═════ Data to process ═════

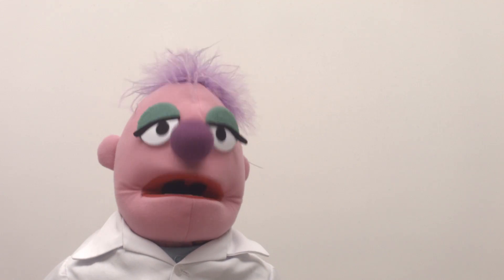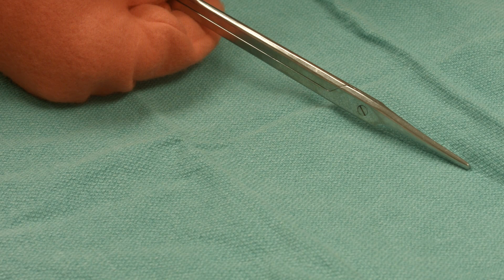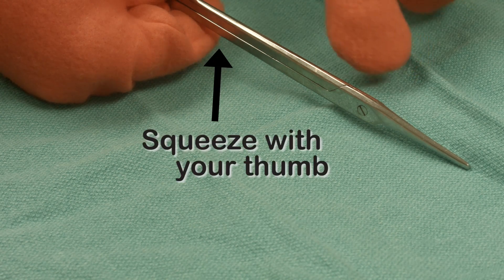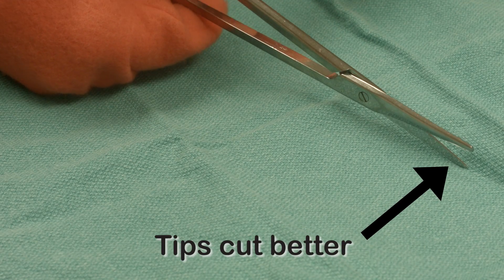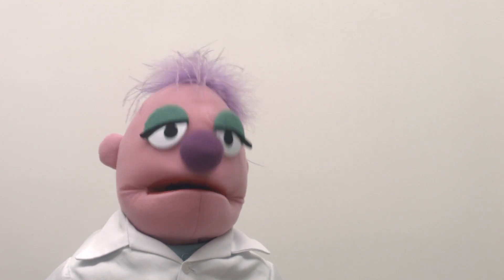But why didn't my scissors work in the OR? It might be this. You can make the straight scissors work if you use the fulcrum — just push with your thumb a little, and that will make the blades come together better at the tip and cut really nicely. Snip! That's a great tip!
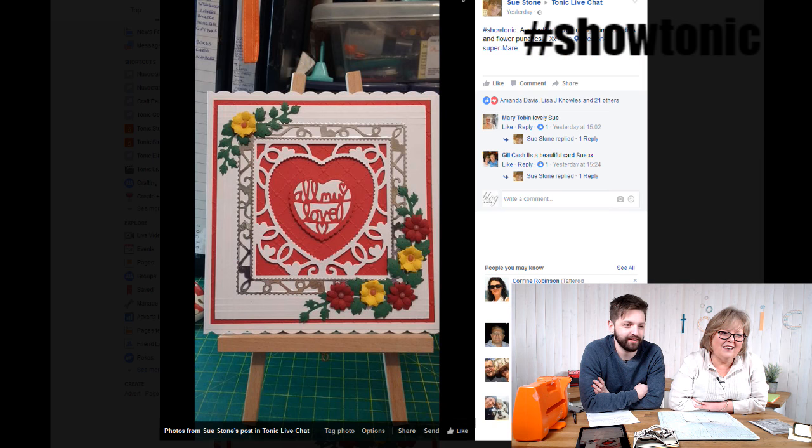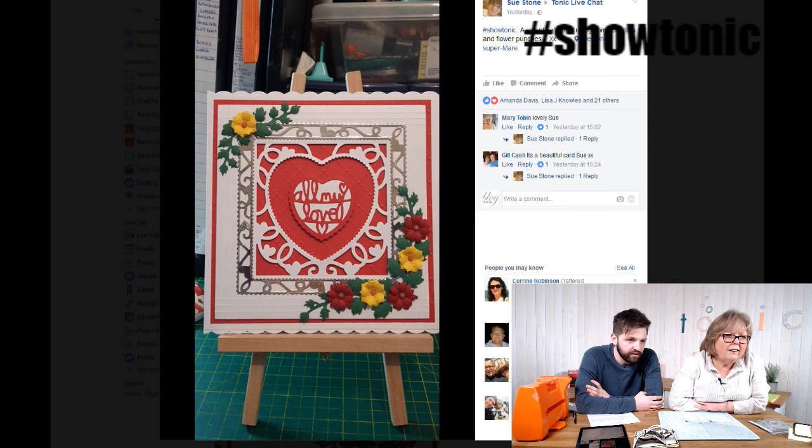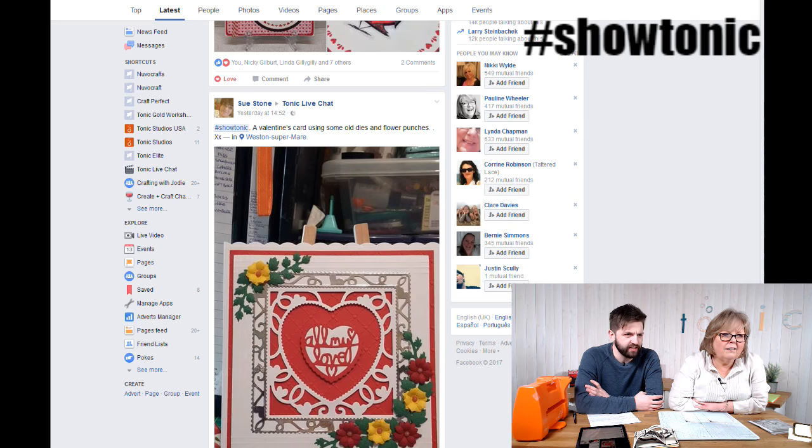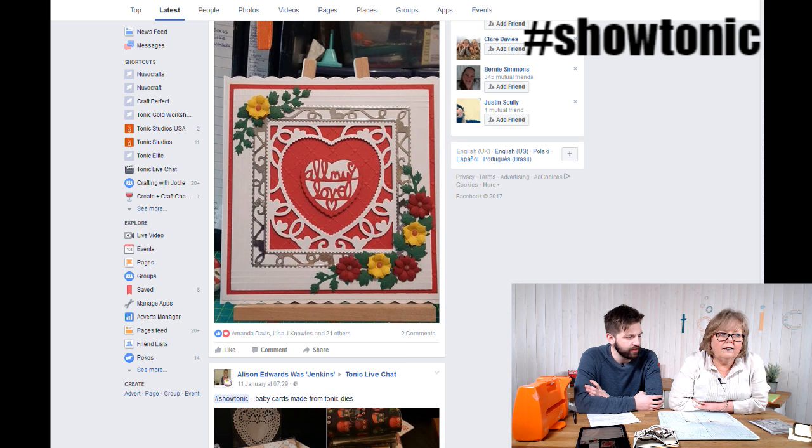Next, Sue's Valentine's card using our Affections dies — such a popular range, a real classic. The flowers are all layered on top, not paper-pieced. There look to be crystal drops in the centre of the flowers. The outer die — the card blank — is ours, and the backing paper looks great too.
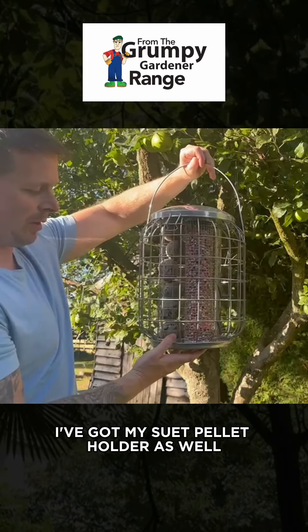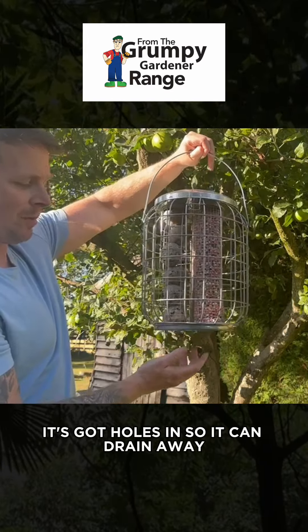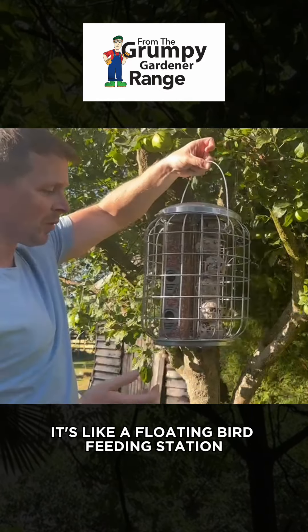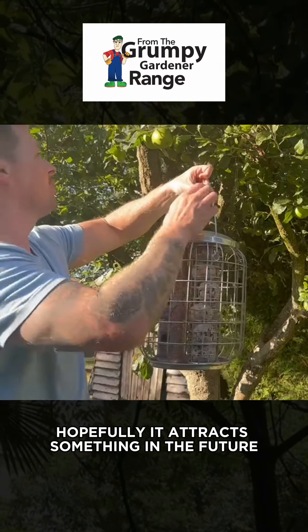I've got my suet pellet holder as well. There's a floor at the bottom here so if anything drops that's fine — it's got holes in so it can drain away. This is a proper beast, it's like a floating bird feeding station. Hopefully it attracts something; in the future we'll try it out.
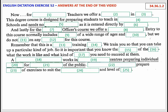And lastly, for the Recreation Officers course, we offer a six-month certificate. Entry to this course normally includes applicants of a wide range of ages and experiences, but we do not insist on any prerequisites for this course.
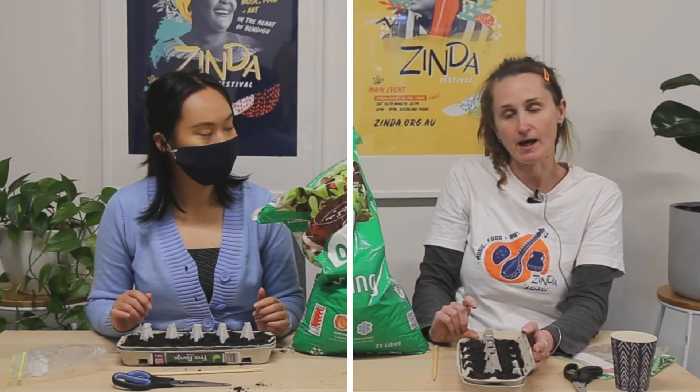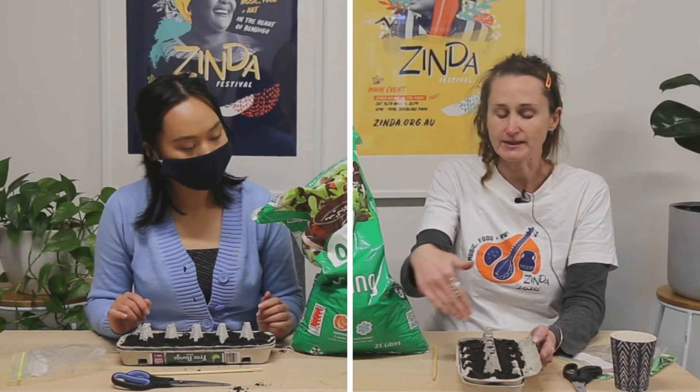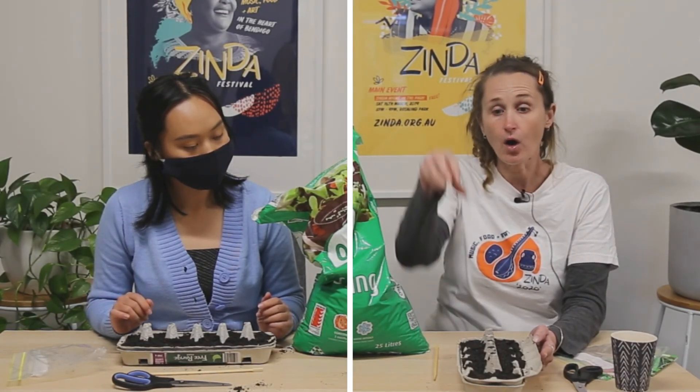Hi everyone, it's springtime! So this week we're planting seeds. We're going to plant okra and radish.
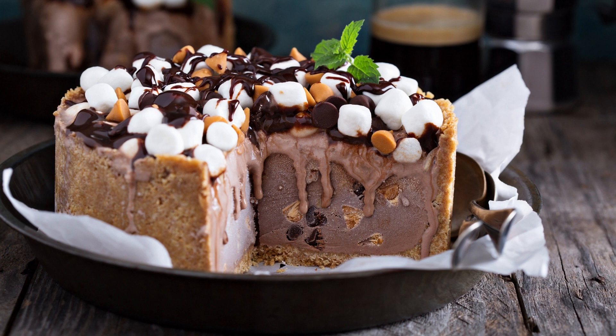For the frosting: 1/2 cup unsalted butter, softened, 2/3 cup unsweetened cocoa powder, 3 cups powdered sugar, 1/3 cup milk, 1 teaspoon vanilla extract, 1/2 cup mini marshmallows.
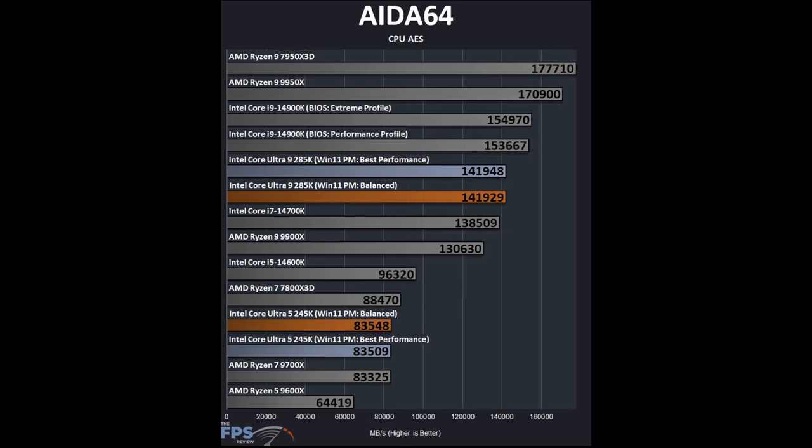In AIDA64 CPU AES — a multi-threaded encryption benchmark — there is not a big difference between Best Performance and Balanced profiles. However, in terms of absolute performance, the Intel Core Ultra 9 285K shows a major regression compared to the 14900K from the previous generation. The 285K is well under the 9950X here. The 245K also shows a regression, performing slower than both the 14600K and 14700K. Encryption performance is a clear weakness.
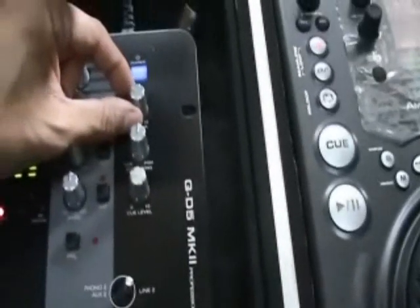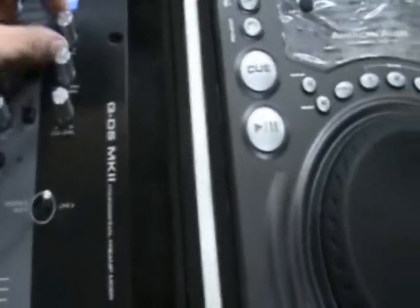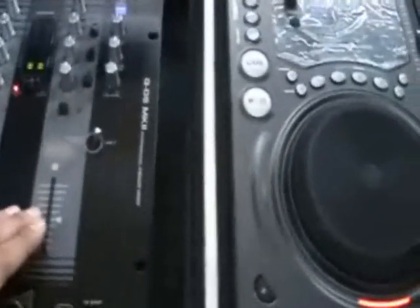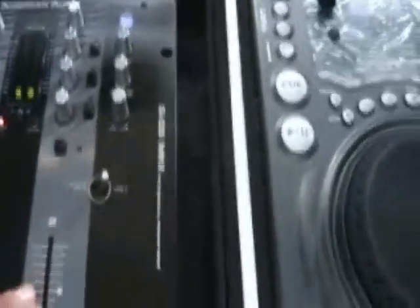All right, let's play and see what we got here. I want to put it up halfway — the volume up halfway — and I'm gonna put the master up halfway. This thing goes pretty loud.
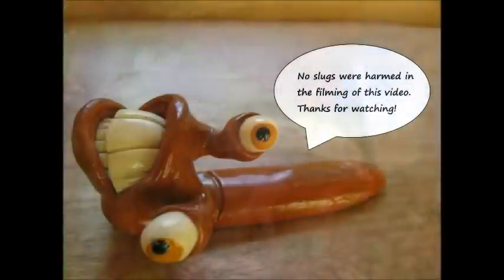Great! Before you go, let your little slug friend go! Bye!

═════

Look above for the line with "Next, Sue's Valentine's" and the line with "For the frosting: 1/2", then copy them and all lines in between exactly as written, and only those, without any pictures.

Next, Sue's Valentine's card using our Affections dies — such a popular range, a real classic. The flowers are all layered on top, not paper-pieced. There look to be crystal drops in the centre of the flowers. The outer die — the card blank — is ours, and the backing paper looks great too.
I've got my suet pellet holder as well. There's a floor at the bottom here so if anything drops that's fine — it's got holes in so it can drain away. This is a proper beast, it's like a floating bird feeding station. Hopefully it attracts something; in the future we'll try it out.
And lastly, for the Recreation Officers course, we offer a six-month certificate. Entry to this course normally includes applicants of a wide range of ages and experiences, but we do not insist on any prerequisites for this course.
Hi everyone, it's springtime! So this week we're planting seeds. We're going to plant okra and radish.
For the frosting: 1/2 cup unsalted butter, softened, 2/3 cup unsweetened cocoa powder, 3 cups powdered sugar, 1/3 cup milk, 1 teaspoon vanilla extract, 1/2 cup mini marshmallows.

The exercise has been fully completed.